◆ Material provided:

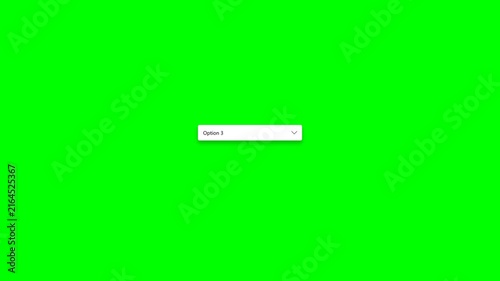 Animated User Interface Dropdown Selection Menu with List Options on Green Screen Chroma Key Background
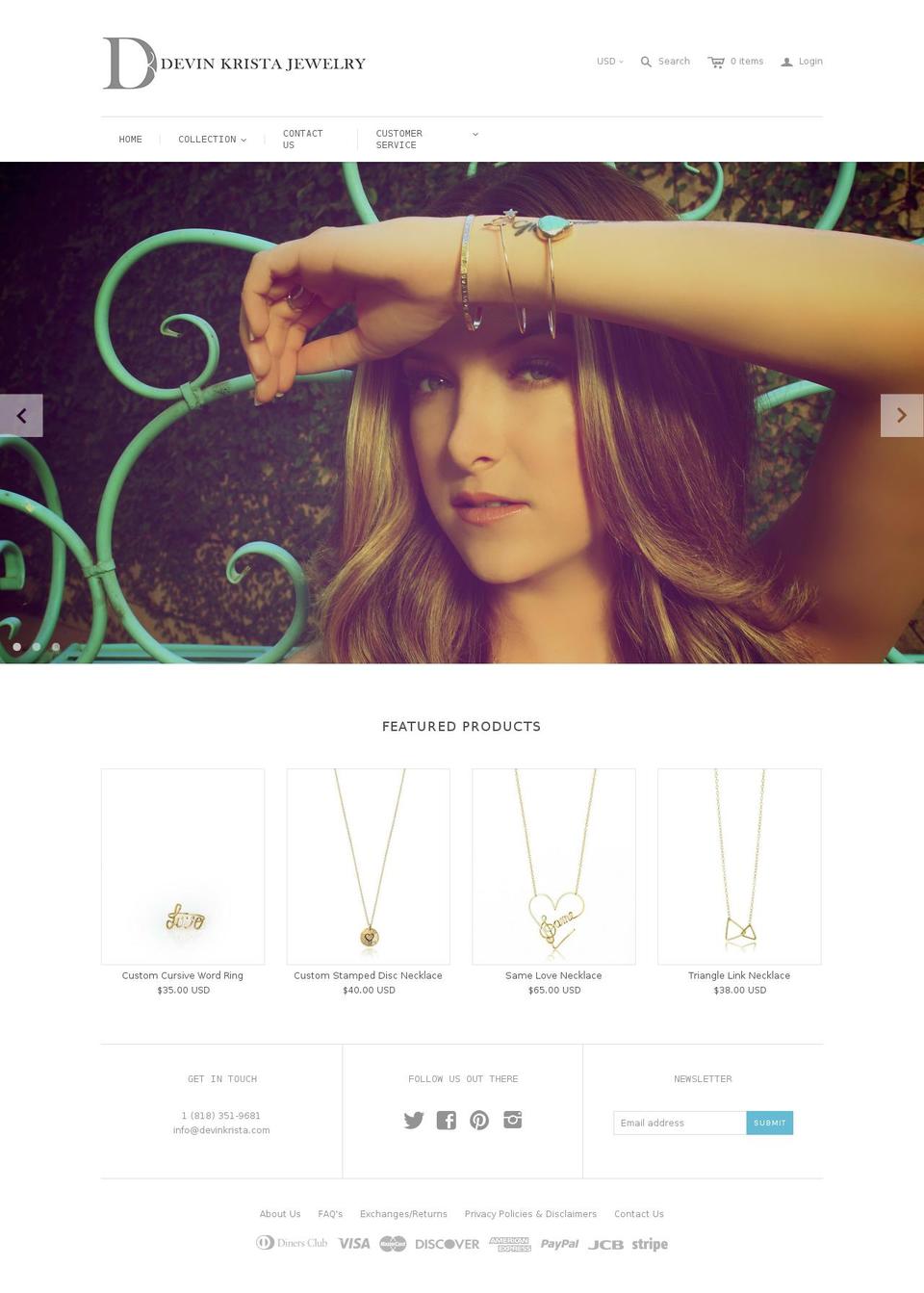 devinkristajewelry.com shopify website screenshot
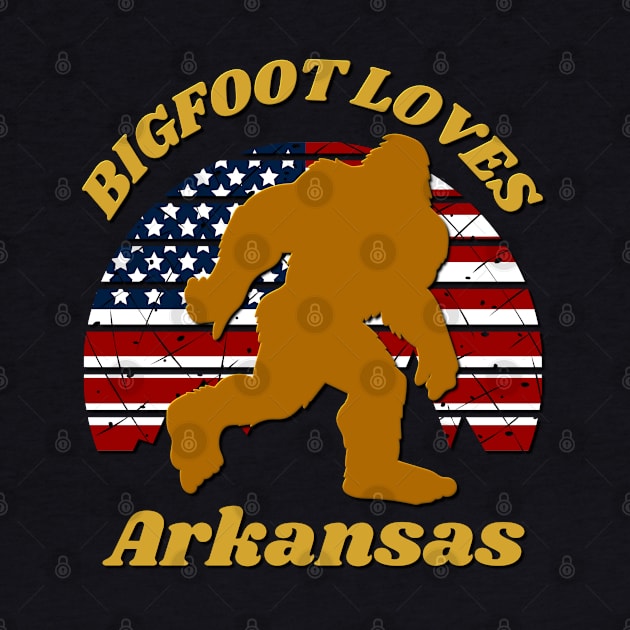 Bigfoot Loves America and Arkansas Too by Scovel Design Shop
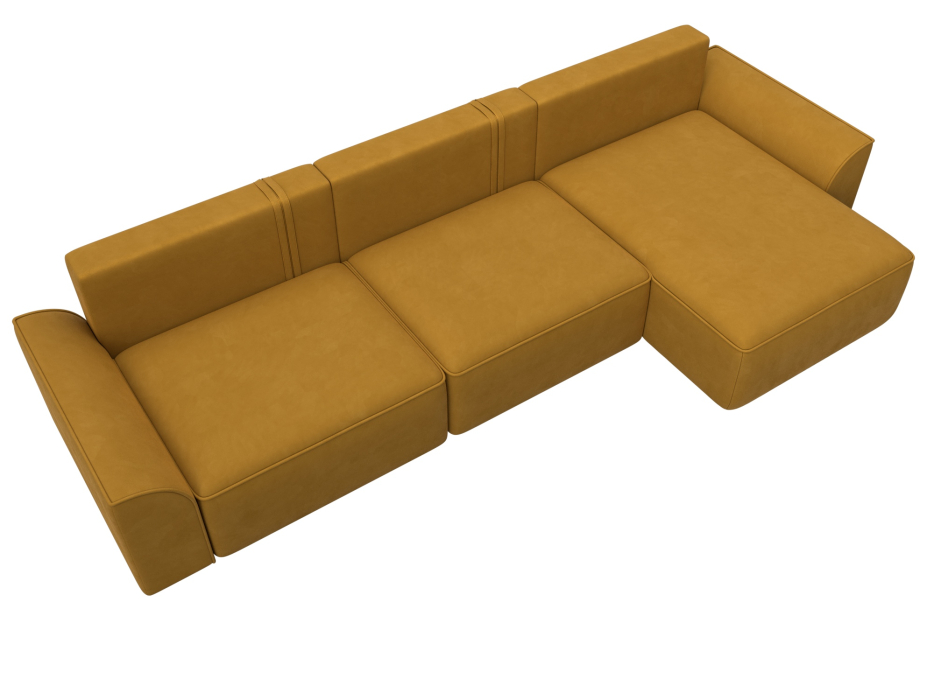 Диваны угловые в гостиную, Диван угловой Лига-048 НПБ лонг, велюр BRUT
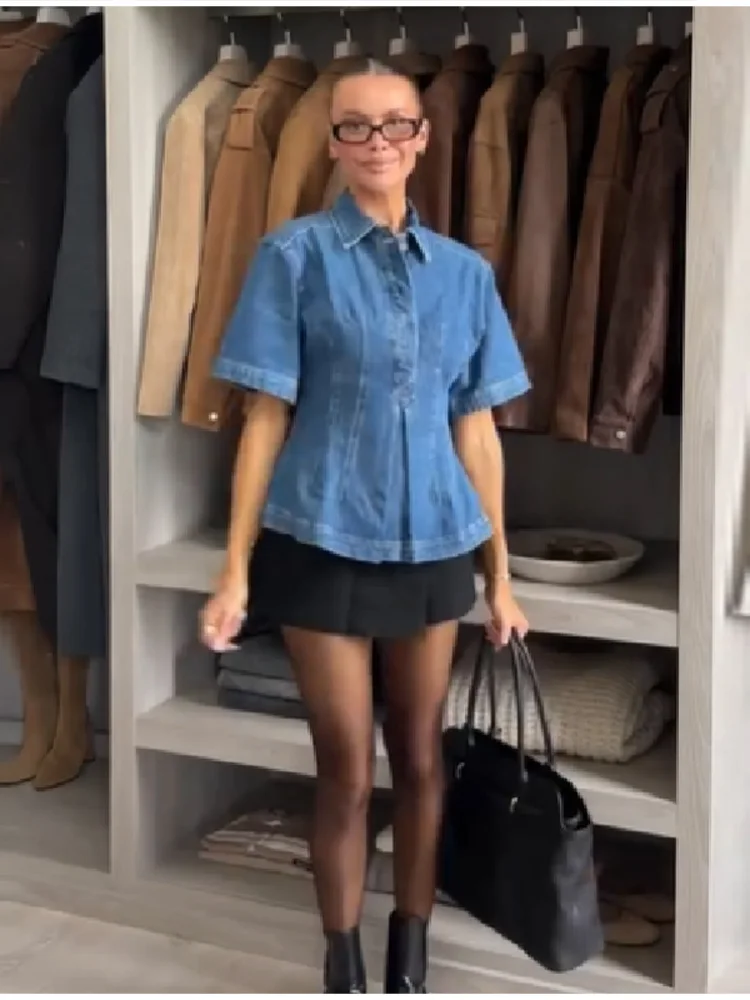 

Женская джинсовая блузка с коротким рукавом, приталенная, с отложным воротником, на одной пуговице, приталенный крой, новинка весна-лето 2026, женское пальто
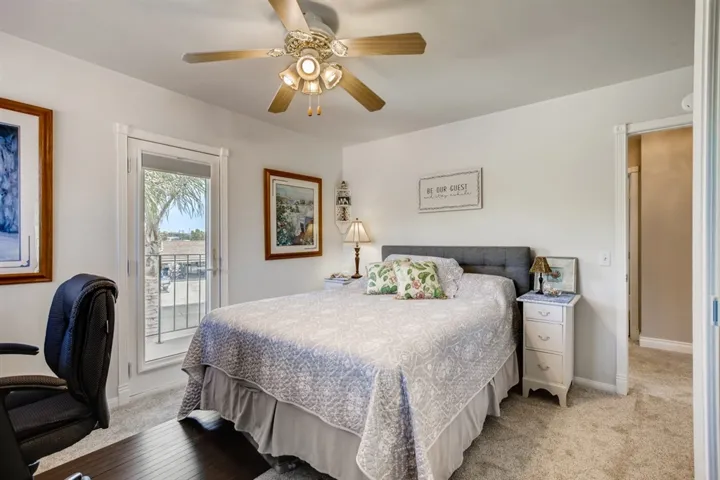 Bedroom 3. Views of the Carlsbad Hills surrounding the lagoon from the balcony : )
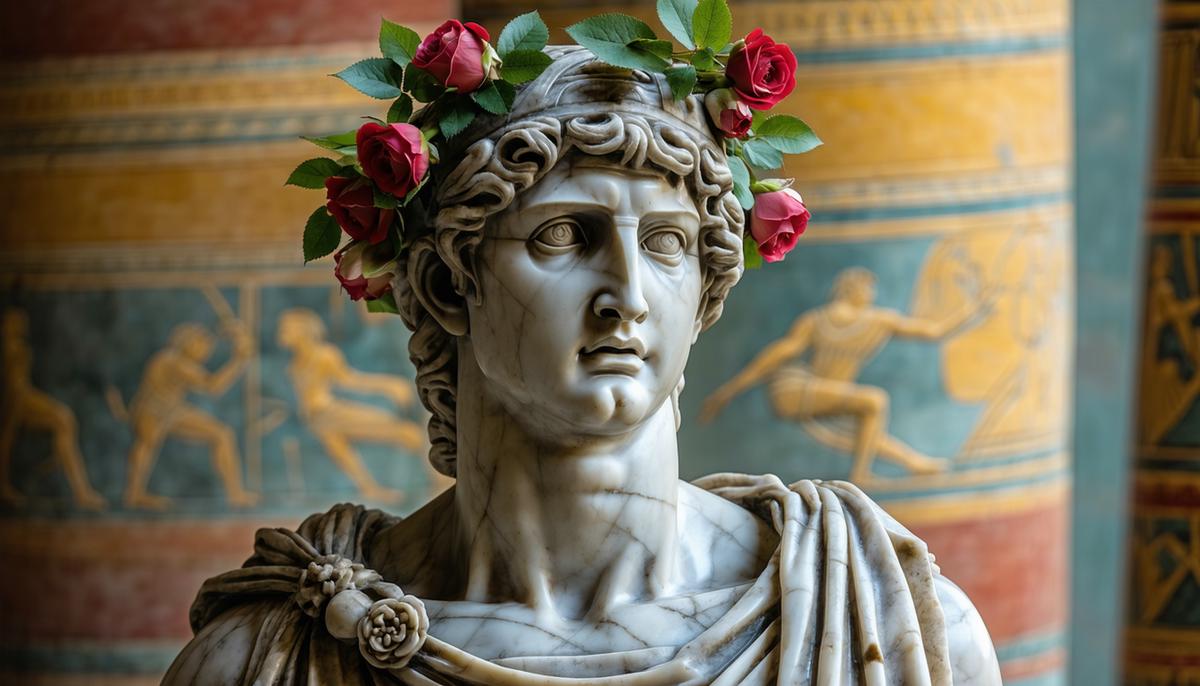 A detailed recreation of an ancient Greek wearing a rose garland, symbolizing fertility and new beginnings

◆ Problem statement: The required output is every line from the beginning of the material above through the line with "Bigfoot Loves America", exact and without pictures.

◆ Worked solution:
 Animated User Interface Dropdown Selection Menu with List Options on Green Screen Chroma Key Background
 devinkristajewelry.com shopify website screenshot
 Bigfoot Loves America and Arkansas Too by Scovel Design Shop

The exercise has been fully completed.